So they are trying to answer a simple question: Do you WANT to create one of the leading companies in the industry?

Focusing on the future and on the upside shows your will to power. It allows investors to gain a sense of that signal. If you’re focused too early on profitability, rather than growth, or retaining your piece of the pie, as opposed to growing the pie as large as possible, that’s an important signal. The point of this isn’t to mislead investors into thinking that you’re trying to do something that you’re not, but rather, if you are shooting for something big, you have to really express that in the clearest way possible.

The perspective is often directly reflected (and not) in the slide decks I review at a16z. Does the product slide describe the features of what the app has today, or does it talk about the product roadmap of what’s going to be built in the future? Do they user projections or financial forecasts simply show the last year’s performance, or does it tell a story about how the business is about to inflect? Oftentimes when founders are too conservative about their story it’s hard for investors to understand what they’re trying to do in the long run. Instead, I love it when founders tell the big story. Of course I’m going to discount it and round down, and assume that many features are never shipped. But I love to see it.

2. Employees
Second, let’s talk about employees. typically when you’re hiring your first few employees, you might be able to give out a few percentage points each, particularly for key people (like engineers or designers). but within a few hires, you end up needing to convince people to work for below pay, and for a fraction of a percent of the company. Why would they do this? Why would they work for you instead of either starting their own company or getting a cushy gig somewhere else where they might be paid much more?

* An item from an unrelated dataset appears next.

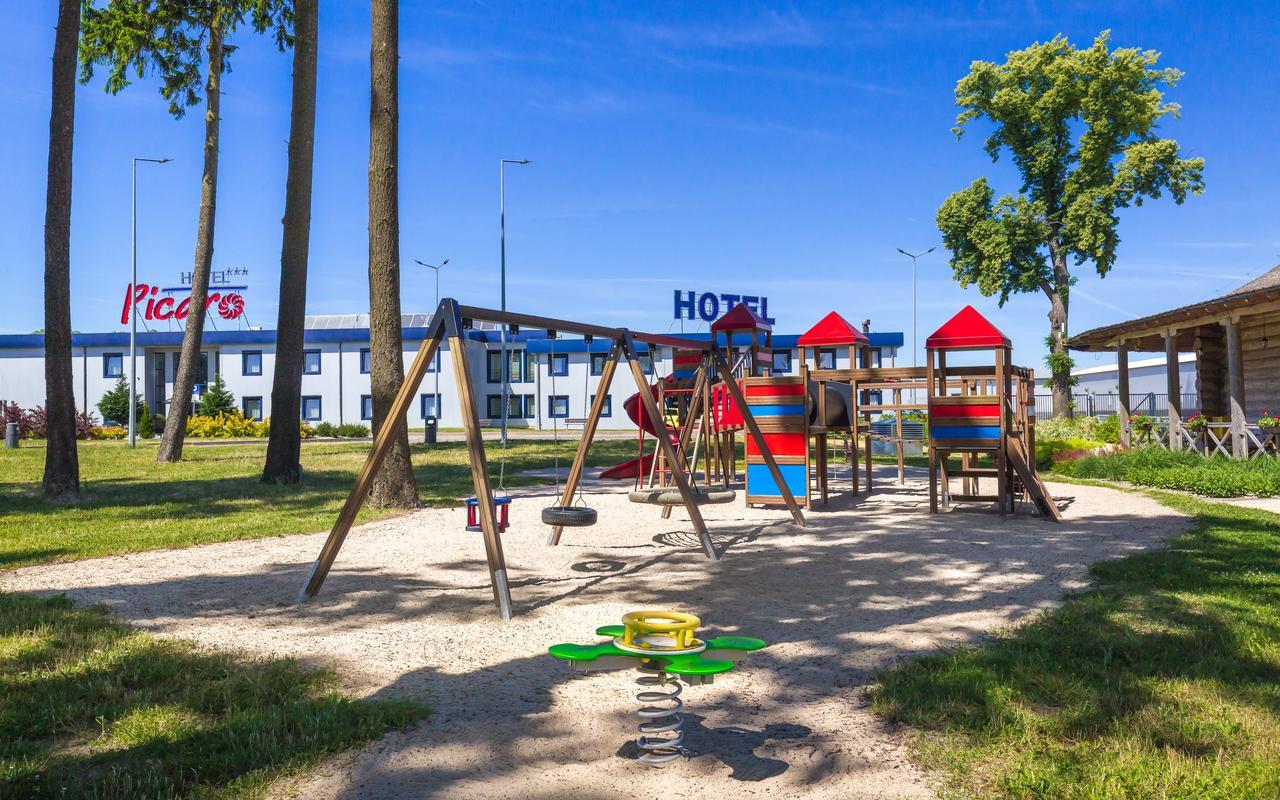 Hotel Picaro Stok Lagow  Luaran gambar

The asymmetric advantage of startups compared to many other opportunities, is that they are adventurous and fun. The startup might fail, but the work is generally a lot more interesting than what you can do elsewhere. The responsibility and scope that a junior employee might have might go way beyond what makes sense at any other company.

And of course financially there is upside. For founders to convince high-quality employees to join their outfit, it’s often important to lean into a sense of adventure. What’s more adventurous than tackling a big huge goal, that might not work, but if it works, it’s going to be amazing? For founders to communicate the sense of adventure, they need to be able to weave a narrative. Maybe it’s us versus them, or David and Goliath. Perhaps it’s exploring the unknown, and going to the frontier when no one else is there. If you can’t tell the stories, how can you expect people to follow you? Thus I find it important to tell the futuristic narrative that’s ambitious, full of surprises and upside, and has a possibility of failure too. It makes the work meaningful and makes the potential economic upside worth something.

3. Journalists, partners, and more
We’ve talked about investors and employees, but there’s actually a long tail of many other constituents that benefit from a futuristic outlook. if you’re talking to journalists and pundits, you have to compete with thousands of other companies that they’re going to meet this year, and you have to catch their attention. If you’re marketing, an event at a conference adjacent to dozens of other events, you have to catch the eye of attendees. An optimistic, futuristic perspective gives you room to tell the story about the problem you’re trying to solve, and why your startup will be incredibly important once you get there.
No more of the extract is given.